Porta, Scalinata e Ponte Ognissanti
This door to the city marks the university center for Padua since it has the largest concentration of university buildings in the area. The name is also borrowed to describe the residential area in its vicinity, "Portello". But it's first role was as a customs house when Padua still had all of its walls in place and it remained active long after the other city doors' lost their utility.
It was constructed in 1518-19 for Captain Marcantonio Loredan with an Istria stone facade by Guglielmo Grizi ("The Bergamasco"). The bridge dates from 1784 and connects Via Portello to the Istituti Universitari and fairgrounds to the north. On the other side of the door, there is the Edicola di Santa Maria dei Barcari, 1790, in a decorative chapel. Yet the steps seems to actually be the highlight since Canaletto supposedly depicted them and Barbarigo used them to welcome the Venetian authorities visiting Padua. On a warm spring day, you can spot numerous university students reading on them as the sunlight showers down.
In 1993, those steps, la scalinata della Fraglia, were put to public use, recently restored and have been monitored by the association Amissi del Piovego. They hold a market on the last Saturday of the month, Portello Cartastorie. Touristi boats leave there for tours along the Brenta, too. Then in the summer months of June and July, a temporary and floating screen is place in the canal and 4 weeks of events are planned around the Portello River Festival, including some of Hollywood's latest movies, experimental cinema, local documentaries, jazz concerts and short-film events.
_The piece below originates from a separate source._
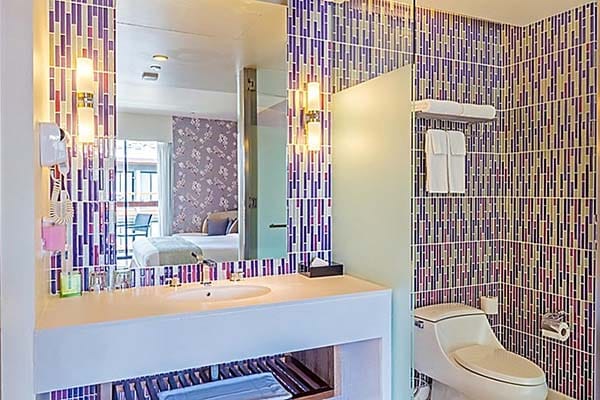 Holiday Inn Express Phuket Patong Beach Central - 1 Bedroom Suite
For two years, the Portello area was completely transformed during the hot months (June-September) because all the local bars set up stands to serve their clientele along this canal instead of packing the city center with rambunctious teenagers and young adults with a buzz. It was a lot of fun because each stand created a different theme which was distinct from the next. You could walk down the road and drink at the "tropical" stand or "fashion" bar. It was a festival of color and furniture styles. Unfortunately the neighbors complained about noise and the city disbanded the concentration of bars this past summer.
This door is one of the most active still today. Hundreds of students walk and bike under its triumphal arch, not to mention the markets and festivals that take place here.